Table 2.5: Major columns used
Column Name	Description
state_name	State name (chr)
county_fips	The 5-digit FIPS code corresponding to the county (chr)
county_name	County name (chr)
votes_gop	Votes for Trump (num)
votes_dem	Votes for Biden (num)
total_votes	Total Votes (num)
diff	Difference between votes for Trump and Biden (num)
per_gop	Percentage of votes for Trump (num)
per_dem	Percentage of votes for Biden (num)
per_point_diff	Difference between percentages of votes for Trump and Biden (num)

Issues with this dataset: This dataset is scraped from results published by from Fox News, Politico, and the New York Times, so it kept getting updated and some columns may be changed. Also, the election votes counting and post-election processing are ongoing in several states, so individual statistics we used here might change.

3. US Presidential Election vote shares: elections_historic

This dataset is contained in the socviz library in R. It is a dataset of historic US presidential elections from 1824 to 2016, with information about the winner, runner up, and various measures of vote share.

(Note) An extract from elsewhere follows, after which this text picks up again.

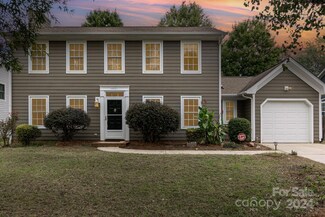 6827 Oldecastle Ct, Charlotte, NC 28277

Table 2.6: Major columns used
Column Name	Description
ec_pct	Winner’s share of elctoral college vote. (Range is 0 to 1. ) (num)
popular_pct	Winner’s share of popular vote. (Range is 0 to 1. ) (num)

Issues with this dataset: As claimed in the elections_historic {socviz} documentation, the data for 2016 are provisional as of early December 2016. So we would need to update the 2016 data to reflect on the final results.

4. Number of Registered Voters: RegisteredVotersByState.csv

We collected the dataset from World Population Review. This dataset contains the registered voter count and percentage for each state. The records are all updated after June, 2020.

Table 2.7: Major columns used
Column Name	Description
state	State Name (chr)
totalRegistered	Total number of people registered (num)
Pop	Total state population (num)
registeredPerc	Percent of peoplewho are registered voters (num)
asOf	Last update date (date)

Issues with this dataset: The data records in this file were not all updated on the same day.